_The task_.
Retype, exactly as they appear below, the lines between the line holding "May include: A" and the line holding "Pinnable image for", both ends included.

_Scraped caption text data_.
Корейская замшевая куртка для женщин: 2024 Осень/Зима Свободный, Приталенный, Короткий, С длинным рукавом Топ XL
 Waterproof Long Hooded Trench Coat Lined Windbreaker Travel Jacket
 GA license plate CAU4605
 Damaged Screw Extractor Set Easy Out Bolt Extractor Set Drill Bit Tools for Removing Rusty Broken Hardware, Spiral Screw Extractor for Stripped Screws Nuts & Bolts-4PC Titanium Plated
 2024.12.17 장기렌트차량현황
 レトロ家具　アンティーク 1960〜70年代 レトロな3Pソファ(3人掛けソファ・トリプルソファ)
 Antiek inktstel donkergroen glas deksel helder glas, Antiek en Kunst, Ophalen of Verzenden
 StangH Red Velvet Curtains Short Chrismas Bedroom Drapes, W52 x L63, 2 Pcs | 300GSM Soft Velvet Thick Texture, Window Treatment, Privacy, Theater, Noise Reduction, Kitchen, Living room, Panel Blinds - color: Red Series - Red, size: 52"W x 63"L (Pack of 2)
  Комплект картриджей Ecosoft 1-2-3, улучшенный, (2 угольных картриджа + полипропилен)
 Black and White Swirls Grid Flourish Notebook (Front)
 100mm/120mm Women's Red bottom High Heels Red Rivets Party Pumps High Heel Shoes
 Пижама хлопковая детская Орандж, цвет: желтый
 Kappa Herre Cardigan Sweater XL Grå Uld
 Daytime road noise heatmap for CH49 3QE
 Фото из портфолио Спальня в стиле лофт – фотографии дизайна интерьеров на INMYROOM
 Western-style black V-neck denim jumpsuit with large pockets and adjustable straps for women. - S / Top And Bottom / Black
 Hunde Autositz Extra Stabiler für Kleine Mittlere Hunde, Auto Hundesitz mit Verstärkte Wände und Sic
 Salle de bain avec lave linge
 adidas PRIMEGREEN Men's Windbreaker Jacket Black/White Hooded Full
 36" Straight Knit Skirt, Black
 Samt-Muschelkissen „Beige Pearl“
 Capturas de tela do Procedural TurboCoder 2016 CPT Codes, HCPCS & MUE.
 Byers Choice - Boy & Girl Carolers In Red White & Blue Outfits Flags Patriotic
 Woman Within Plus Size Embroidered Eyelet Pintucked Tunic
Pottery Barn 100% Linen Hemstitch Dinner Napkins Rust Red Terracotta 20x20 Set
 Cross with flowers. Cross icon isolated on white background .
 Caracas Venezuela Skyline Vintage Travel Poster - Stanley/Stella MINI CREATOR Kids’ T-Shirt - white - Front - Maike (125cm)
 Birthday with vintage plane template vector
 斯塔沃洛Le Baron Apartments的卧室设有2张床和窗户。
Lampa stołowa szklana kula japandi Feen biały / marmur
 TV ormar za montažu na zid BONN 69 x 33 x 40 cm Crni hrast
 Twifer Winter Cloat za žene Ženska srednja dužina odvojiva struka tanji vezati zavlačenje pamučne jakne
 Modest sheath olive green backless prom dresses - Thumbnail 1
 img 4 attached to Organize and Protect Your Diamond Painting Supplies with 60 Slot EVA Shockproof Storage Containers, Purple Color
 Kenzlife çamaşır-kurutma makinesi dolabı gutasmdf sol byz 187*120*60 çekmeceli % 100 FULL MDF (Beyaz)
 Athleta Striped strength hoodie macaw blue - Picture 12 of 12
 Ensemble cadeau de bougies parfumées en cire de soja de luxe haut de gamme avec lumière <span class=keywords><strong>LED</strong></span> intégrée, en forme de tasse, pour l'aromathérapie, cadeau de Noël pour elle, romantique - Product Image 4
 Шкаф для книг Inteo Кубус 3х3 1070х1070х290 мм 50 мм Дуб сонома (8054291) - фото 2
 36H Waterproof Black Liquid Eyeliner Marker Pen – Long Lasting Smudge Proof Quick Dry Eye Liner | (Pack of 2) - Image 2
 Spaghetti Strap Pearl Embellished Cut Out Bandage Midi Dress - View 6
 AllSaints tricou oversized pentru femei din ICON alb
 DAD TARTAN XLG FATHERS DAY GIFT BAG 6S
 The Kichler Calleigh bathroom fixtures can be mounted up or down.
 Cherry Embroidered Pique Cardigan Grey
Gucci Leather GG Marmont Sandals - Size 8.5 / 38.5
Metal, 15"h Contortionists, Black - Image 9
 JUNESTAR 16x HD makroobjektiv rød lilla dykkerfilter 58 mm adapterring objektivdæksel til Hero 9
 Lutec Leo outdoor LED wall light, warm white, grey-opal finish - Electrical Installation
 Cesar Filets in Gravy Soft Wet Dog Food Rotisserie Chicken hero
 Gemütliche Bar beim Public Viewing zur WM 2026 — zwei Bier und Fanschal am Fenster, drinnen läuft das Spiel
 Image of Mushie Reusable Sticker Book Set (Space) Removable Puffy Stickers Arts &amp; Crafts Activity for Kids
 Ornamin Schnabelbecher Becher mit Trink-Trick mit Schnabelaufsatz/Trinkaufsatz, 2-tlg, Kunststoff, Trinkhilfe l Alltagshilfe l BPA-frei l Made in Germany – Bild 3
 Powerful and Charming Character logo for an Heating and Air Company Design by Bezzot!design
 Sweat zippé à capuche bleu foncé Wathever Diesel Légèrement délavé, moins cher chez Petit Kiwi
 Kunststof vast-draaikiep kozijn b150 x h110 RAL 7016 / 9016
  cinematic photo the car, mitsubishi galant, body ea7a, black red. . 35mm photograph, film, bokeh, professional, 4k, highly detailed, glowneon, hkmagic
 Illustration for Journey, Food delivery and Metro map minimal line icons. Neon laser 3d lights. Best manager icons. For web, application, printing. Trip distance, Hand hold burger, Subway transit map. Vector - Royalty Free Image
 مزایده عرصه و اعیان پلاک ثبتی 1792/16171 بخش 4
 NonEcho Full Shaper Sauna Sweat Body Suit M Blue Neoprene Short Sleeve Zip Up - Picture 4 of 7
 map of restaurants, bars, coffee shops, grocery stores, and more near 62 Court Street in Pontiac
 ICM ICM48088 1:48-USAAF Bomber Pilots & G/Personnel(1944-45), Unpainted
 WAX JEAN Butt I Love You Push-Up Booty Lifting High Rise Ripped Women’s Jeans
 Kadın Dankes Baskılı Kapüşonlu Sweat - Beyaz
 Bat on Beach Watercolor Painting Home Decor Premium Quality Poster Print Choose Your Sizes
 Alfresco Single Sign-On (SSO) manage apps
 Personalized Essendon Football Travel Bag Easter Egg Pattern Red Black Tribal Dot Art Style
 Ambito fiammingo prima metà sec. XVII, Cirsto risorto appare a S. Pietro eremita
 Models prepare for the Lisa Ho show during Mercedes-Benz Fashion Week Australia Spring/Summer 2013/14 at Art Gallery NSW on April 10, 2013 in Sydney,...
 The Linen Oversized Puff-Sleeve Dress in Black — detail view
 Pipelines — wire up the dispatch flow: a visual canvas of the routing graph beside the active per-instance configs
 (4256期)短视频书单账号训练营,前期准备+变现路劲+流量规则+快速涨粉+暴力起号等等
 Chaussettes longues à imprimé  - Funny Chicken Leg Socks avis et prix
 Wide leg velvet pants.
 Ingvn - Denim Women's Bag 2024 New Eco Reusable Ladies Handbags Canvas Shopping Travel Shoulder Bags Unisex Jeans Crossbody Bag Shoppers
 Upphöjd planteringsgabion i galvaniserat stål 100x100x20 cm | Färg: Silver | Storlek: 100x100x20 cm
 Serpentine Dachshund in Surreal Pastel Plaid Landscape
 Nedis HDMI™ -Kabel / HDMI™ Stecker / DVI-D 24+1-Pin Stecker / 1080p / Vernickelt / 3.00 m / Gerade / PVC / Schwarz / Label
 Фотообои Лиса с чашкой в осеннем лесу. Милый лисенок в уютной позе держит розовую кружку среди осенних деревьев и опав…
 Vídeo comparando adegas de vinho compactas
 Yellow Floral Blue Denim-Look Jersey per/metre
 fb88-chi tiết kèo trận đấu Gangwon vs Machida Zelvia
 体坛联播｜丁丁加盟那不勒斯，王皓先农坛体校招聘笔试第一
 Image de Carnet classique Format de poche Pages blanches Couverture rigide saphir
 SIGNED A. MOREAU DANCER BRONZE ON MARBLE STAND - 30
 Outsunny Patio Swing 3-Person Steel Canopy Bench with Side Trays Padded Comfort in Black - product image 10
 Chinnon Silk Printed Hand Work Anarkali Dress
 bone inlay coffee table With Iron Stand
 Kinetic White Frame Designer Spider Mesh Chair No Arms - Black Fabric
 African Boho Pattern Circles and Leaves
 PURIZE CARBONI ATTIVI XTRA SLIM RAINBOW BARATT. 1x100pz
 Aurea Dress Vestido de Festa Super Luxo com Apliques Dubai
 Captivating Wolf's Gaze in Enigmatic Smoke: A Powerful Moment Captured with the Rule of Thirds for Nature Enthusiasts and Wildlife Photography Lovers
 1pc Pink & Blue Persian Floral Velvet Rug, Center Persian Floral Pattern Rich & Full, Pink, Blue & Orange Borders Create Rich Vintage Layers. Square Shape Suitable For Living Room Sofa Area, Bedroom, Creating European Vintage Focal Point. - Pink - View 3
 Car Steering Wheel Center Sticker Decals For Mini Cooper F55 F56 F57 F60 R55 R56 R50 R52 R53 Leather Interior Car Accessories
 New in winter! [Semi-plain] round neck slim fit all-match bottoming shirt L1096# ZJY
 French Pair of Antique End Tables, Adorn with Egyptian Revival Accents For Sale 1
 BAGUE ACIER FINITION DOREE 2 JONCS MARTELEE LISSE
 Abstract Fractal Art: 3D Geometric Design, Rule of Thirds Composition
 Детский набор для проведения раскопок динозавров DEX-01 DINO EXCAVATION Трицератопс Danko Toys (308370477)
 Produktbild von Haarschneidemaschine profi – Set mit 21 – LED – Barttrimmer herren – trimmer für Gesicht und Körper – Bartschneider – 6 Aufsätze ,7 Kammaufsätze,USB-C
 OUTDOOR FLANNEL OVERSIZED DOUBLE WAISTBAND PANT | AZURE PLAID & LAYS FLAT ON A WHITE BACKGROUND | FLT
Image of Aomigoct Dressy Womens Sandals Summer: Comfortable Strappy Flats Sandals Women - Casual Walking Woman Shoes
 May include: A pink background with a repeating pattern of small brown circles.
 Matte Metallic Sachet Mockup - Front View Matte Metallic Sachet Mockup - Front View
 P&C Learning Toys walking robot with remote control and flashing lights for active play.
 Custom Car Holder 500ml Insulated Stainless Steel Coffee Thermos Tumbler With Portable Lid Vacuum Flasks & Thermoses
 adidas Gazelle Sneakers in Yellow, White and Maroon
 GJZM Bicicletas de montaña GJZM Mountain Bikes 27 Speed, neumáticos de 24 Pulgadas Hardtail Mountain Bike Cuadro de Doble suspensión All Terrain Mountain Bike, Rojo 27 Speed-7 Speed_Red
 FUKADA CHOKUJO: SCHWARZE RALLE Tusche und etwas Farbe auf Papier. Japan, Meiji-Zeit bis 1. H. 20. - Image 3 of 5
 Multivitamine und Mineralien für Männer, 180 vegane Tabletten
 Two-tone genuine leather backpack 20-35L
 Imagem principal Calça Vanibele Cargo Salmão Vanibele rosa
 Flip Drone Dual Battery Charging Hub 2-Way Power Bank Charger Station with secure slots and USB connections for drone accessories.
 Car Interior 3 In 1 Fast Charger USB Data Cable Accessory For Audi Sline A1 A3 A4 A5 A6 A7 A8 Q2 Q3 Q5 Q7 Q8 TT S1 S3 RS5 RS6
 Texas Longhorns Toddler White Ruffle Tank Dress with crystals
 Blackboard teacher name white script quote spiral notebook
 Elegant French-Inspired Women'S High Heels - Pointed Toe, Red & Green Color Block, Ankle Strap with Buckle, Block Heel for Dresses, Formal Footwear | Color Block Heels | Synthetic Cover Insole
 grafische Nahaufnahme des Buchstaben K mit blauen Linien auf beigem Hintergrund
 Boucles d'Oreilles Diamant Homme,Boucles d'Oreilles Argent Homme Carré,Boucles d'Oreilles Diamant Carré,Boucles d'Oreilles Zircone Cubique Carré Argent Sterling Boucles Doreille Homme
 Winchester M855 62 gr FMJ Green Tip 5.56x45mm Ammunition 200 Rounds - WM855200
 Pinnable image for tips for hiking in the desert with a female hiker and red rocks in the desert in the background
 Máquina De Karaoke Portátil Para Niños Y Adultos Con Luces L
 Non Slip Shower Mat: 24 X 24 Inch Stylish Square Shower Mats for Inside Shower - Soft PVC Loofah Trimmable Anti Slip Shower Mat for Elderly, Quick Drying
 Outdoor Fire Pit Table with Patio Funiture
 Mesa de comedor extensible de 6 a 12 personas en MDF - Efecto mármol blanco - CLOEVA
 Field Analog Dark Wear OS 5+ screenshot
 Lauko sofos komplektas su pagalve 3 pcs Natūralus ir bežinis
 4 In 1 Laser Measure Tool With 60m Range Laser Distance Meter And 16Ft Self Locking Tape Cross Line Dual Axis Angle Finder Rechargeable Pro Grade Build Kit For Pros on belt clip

_Output of the exercise_.
 May include: A pink background with a repeating pattern of small brown circles.
 Matte Metallic Sachet Mockup - Front View Matte Metallic Sachet Mockup - Front View
 P&C Learning Toys walking robot with remote control and flashing lights for active play.
 Custom Car Holder 500ml Insulated Stainless Steel Coffee Thermos Tumbler With Portable Lid Vacuum Flasks & Thermoses
 adidas Gazelle Sneakers in Yellow, White and Maroon
 GJZM Bicicletas de montaña GJZM Mountain Bikes 27 Speed, neumáticos de 24 Pulgadas Hardtail Mountain Bike Cuadro de Doble suspensión All Terrain Mountain Bike, Rojo 27 Speed-7 Speed_Red
 FUKADA CHOKUJO: SCHWARZE RALLE Tusche und etwas Farbe auf Papier. Japan, Meiji-Zeit bis 1. H. 20. - Image 3 of 5
 Multivitamine und Mineralien für Männer, 180 vegane Tabletten
 Two-tone genuine leather backpack 20-35L
 Imagem principal Calça Vanibele Cargo Salmão Vanibele rosa
 Flip Drone Dual Battery Charging Hub 2-Way Power Bank Charger Station with secure slots and USB connections for drone accessories.
 Car Interior 3 In 1 Fast Charger USB Data Cable Accessory For Audi Sline A1 A3 A4 A5 A6 A7 A8 Q2 Q3 Q5 Q7 Q8 TT S1 S3 RS5 RS6
 Texas Longhorns Toddler White Ruffle Tank Dress with crystals
 Blackboard teacher name white script quote spiral notebook
 Elegant French-Inspired Women'S High Heels - Pointed Toe, Red & Green Color Block, Ankle Strap with Buckle, Block Heel for Dresses, Formal Footwear | Color Block Heels | Synthetic Cover Insole
 grafische Nahaufnahme des Buchstaben K mit blauen Linien auf beigem Hintergrund
 Boucles d'Oreilles Diamant Homme,Boucles d'Oreilles Argent Homme Carré,Boucles d'Oreilles Diamant Carré,Boucles d'Oreilles Zircone Cubique Carré Argent Sterling Boucles Doreille Homme
 Winchester M855 62 gr FMJ Green Tip 5.56x45mm Ammunition 200 Rounds - WM855200
 Pinnable image for tips for hiking in the desert with a female hiker and red rocks in the desert in the background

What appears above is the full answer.